Relational databases: Defining relationships between database tables

Database normalization is the cornerstone of database theory. Once a database is normalized, relationships between the data in multiple tables must be established.

A hefty part of designing a relational database is dividing the data elements into related tables. Once you're ready to start working with the data, you rely on relationships between the tables to pull the data together in meaningful ways. For instance, order information is useless unless you know which customer placed a particular order. By now, you probably realize that you don't store customer and order information in the same table. Instead, you store order and customer data in two related tables and then use a relationship between the two tables to view each order and its corresponding customer information at the same time. If normalized tables are a relational database's foundation, then relationships are the cornerstone.

Relational database design series
You’re in the middle of the Builder.com relational database design series. The previous installments in this series are:
"Relational databases: The inspiration behind the theory"
"Relational databases: Using normal forms to create databases"
“Relational databases: Applying the First Normal Form”
“Relational databases: Achieving normalization”


Starting point
The following data is used for demonstration in this article.

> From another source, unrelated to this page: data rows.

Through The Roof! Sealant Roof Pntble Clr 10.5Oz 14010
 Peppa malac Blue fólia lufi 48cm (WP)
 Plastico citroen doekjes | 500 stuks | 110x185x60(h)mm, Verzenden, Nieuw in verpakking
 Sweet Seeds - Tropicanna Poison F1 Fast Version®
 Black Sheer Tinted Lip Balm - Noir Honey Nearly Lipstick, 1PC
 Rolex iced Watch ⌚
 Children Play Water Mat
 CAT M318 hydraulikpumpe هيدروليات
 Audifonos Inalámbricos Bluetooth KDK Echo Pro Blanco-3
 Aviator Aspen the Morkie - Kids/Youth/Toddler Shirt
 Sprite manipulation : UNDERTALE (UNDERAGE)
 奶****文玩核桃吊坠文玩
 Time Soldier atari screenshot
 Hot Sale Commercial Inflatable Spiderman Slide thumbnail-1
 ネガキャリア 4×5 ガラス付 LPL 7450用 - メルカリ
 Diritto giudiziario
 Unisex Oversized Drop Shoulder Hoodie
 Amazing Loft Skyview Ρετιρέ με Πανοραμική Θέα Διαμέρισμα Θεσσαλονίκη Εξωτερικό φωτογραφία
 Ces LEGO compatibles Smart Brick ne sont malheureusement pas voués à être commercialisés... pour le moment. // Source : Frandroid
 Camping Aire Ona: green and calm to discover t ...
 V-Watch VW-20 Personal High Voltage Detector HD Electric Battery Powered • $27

The process of normalizing the data through Boyce-Codd Normal Form (BCNF) produced seven related tables:
Books: {Title*, ISBN, Price}
Authors: {FirstName*, LastName*}
ZIPCodes: {ZIPCode*}
Categories: {Category*, Description}
Publishers: {Publisher*}
States: {State*}
Cities: {City*}

Now it's time to establish just how those tables are related to one another.

Relationship types
You share many relationships with members of your family. For instance, you and your mother are related. You have only one mother, but she may have several children. You and your siblings are related—you may have many brothers and sisters and, of course, they'll have many brothers and sisters as well. If you're married, both you and your spouse have a spouse—each other—but only one at a time. Database relationships are very similar in that they're associations between tables. There are three types of relationships:
  • One-to-one: Both tables can have only one record on either side of the relationship. Each primary key value relates to only one (or no) record in the related table. They're like spouses—you may or may not be married, but if you are, both you and your spouse have only one spouse. Most one-to-one relationships are forced by business rules and don't flow naturally from the data. In the absence of such a rule, you can usually combine both tables into one table without breaking any normalization rules.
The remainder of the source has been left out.